Recorded information:

• • • •

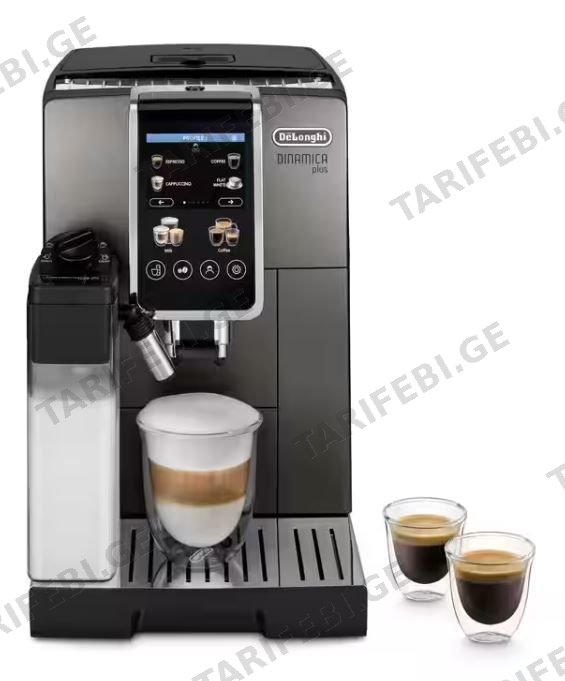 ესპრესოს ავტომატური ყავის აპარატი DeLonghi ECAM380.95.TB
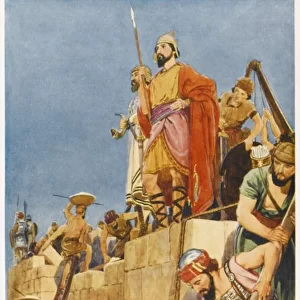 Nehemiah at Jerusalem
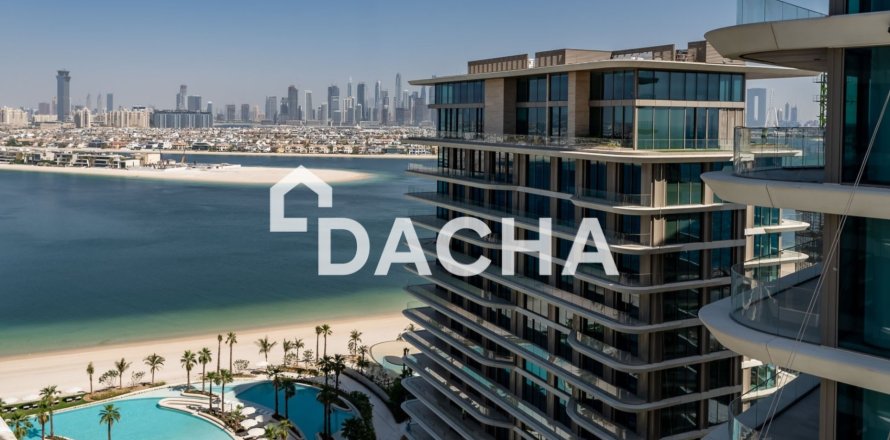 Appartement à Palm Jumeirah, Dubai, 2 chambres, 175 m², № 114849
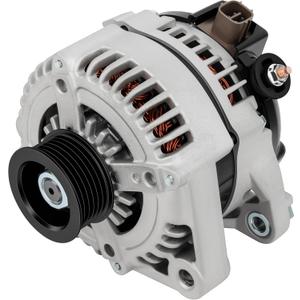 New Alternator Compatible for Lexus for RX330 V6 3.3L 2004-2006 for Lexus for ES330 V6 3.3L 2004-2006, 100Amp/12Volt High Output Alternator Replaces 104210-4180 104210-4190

• • • •

Exercise prompt:
Transcribe every line from the one containing "Appartement à Palm" to the end of the listing, exactly and exclusively. Do not carry any picture over.

Answer to this problem:
 Appartement à Palm Jumeirah, Dubai, 2 chambres, 175 m², № 114849
 New Alternator Compatible for Lexus for RX330 V6 3.3L 2004-2006 for Lexus for ES330 V6 3.3L 2004-2006, 100Amp/12Volt High Output Alternator Replaces 104210-4180 104210-4190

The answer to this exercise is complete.